It was a rollercoaster tournament, but the Michigan hockey team got the result it wanted, leaving Joe Louis Arena as Great Lakes Invitational champions for the second year straight. Through two games, the play was at times pretty, at others gritty and nearly always entertaining.
Wednesday’s 4-2, come-from-behind win over a competitive Michigan Tech (11-7-2) squad included several show-stopping defensive stands, but relatively tame bursts of offense. It was the second game in a row that Michigan recorded less than its average of 4.35 goals per game.
With the 10th-ranked Wolverines still missing their top two defenders — junior Michael Downing was serving the second game of a two-game suspension while sophomore Zach Werenski was in Finland captaining the U.S. team at the IIHF World Junior Championship — it might have been reasonable to expect high-scoring contests.
Instead, the tournament was largely fought in the defensive zone.

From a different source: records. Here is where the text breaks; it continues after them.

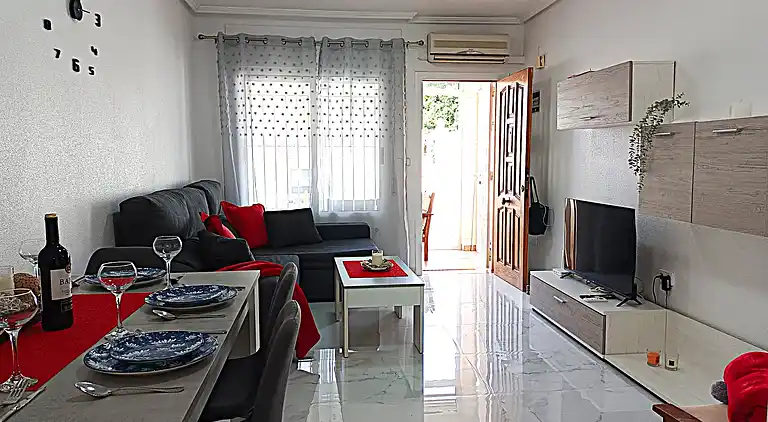 Bungalow in der Nähe des Strandes in Torrevieja, Aguas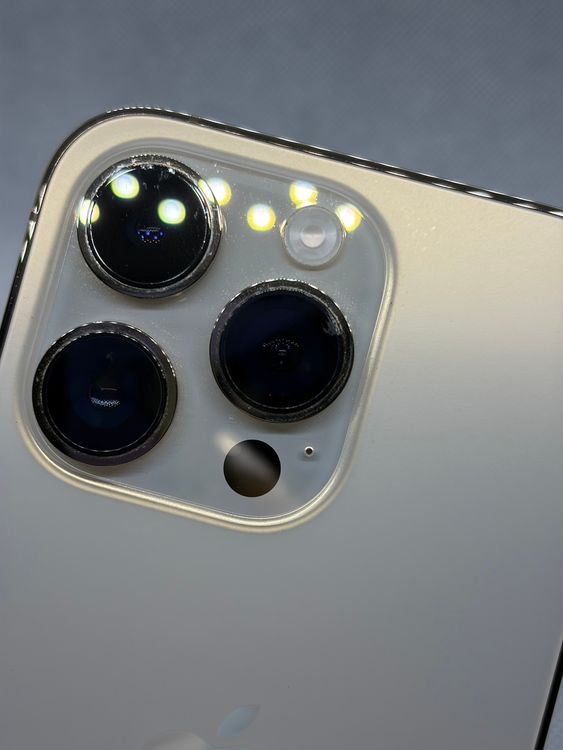 ���Хåƥ꡼81% SIM�ե꡼ iPhone14Pro 512GB �������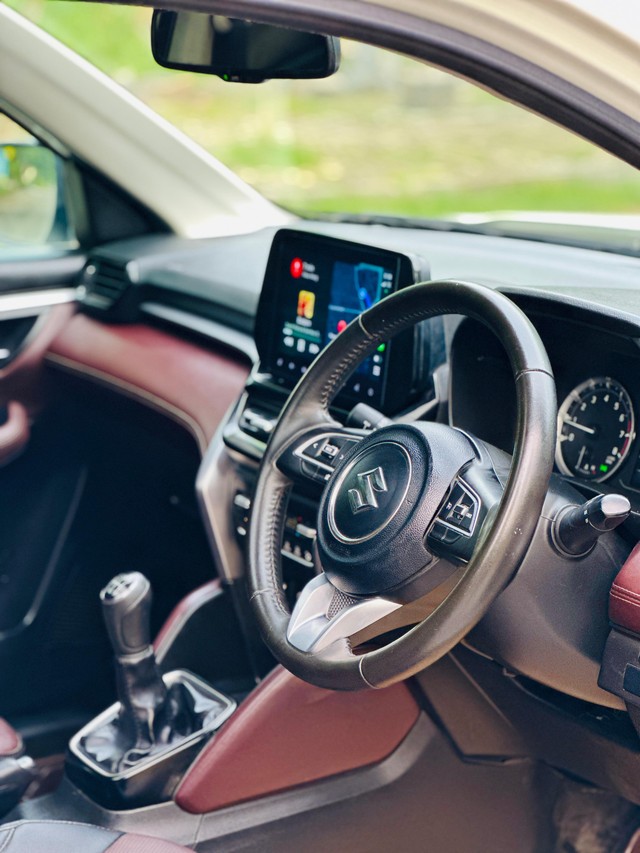 Second-hand 2024 Maruti Suzuki Grand Vitara Alpha for sale in New Delhi-6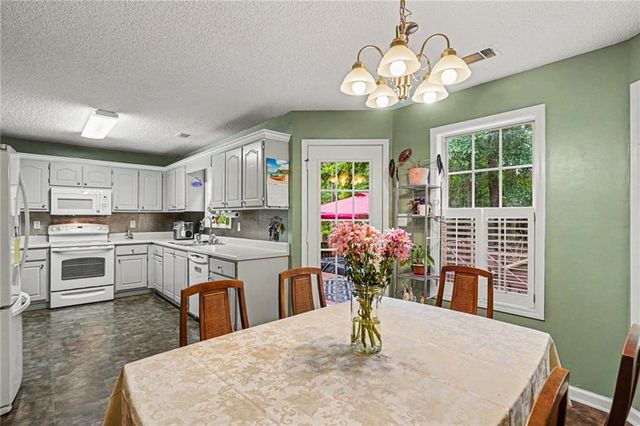 120 Lynnview Court, Mcdonough, GA 30252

It took a late empty-netter from sophomore defenseman Sam Piazza to push Michigan (2-1-1 Big Ten, 11-3-3 overall) to tally four goals on the night.
But early on in the final game, everything nearly unraveled for the Wolverines against the Huskies.

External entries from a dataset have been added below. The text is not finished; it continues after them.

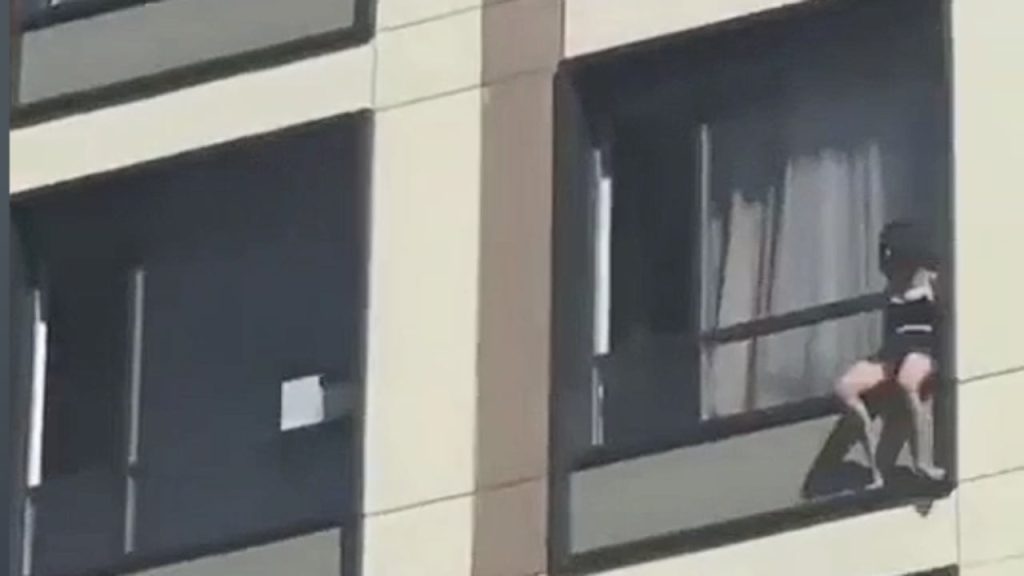 27-vjeçarja hidhet nga kati i 15-të i pallatit, bie sipër karrocës me fëmijë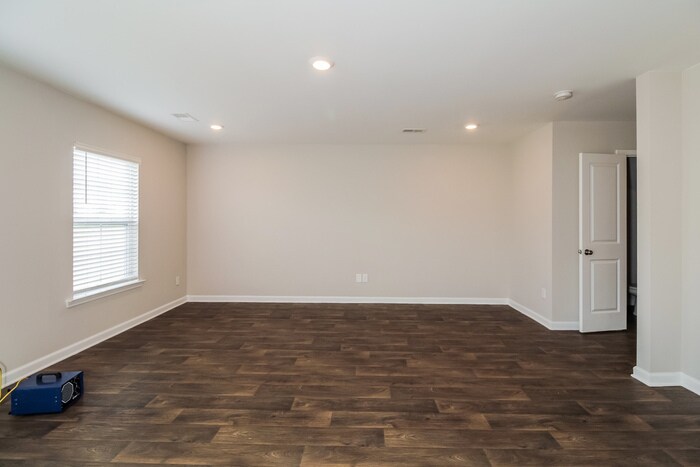 Building Photo - 425 Red Poll Wy
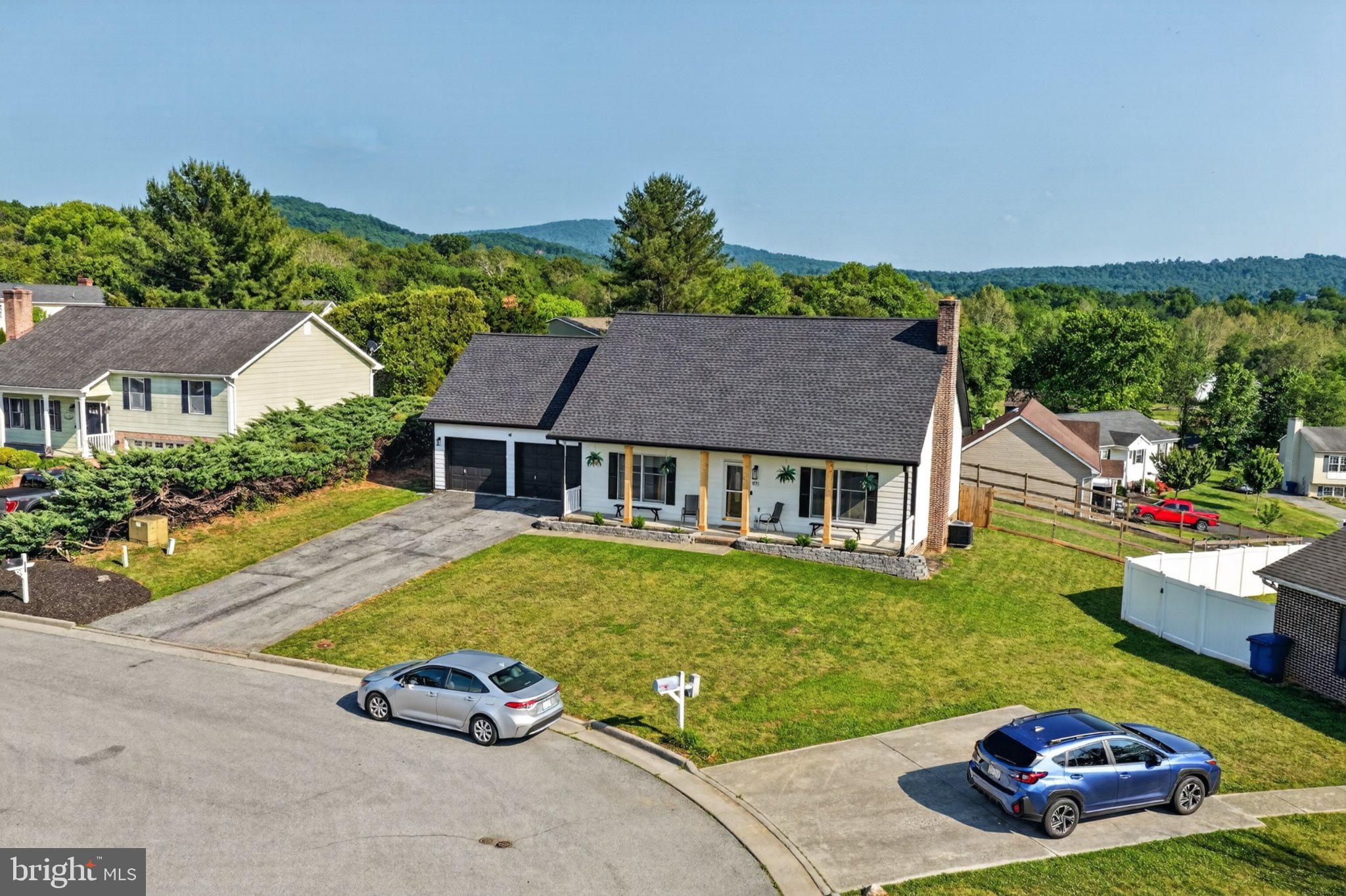VAUGHT ESTATES - Residential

Michigan took the ice searching for a sense of urgency — in the first period, it was clear the team didn’t know where to begin looking.
Michigan Tech took the lead, and all the momentum, just three minutes into the game on a goal from Jake Jackson that beat senior goaltender Steve Racine on the short side. It was the first registered shot for the Huskies.
In last year’s tournament, Racine received MVP honors as the Wolverines defeated Michigan State. It was a statement win for Michigan and a turning point in the season.
Wednesday, the senior appeared to be headed in a different direction all together, and quickly.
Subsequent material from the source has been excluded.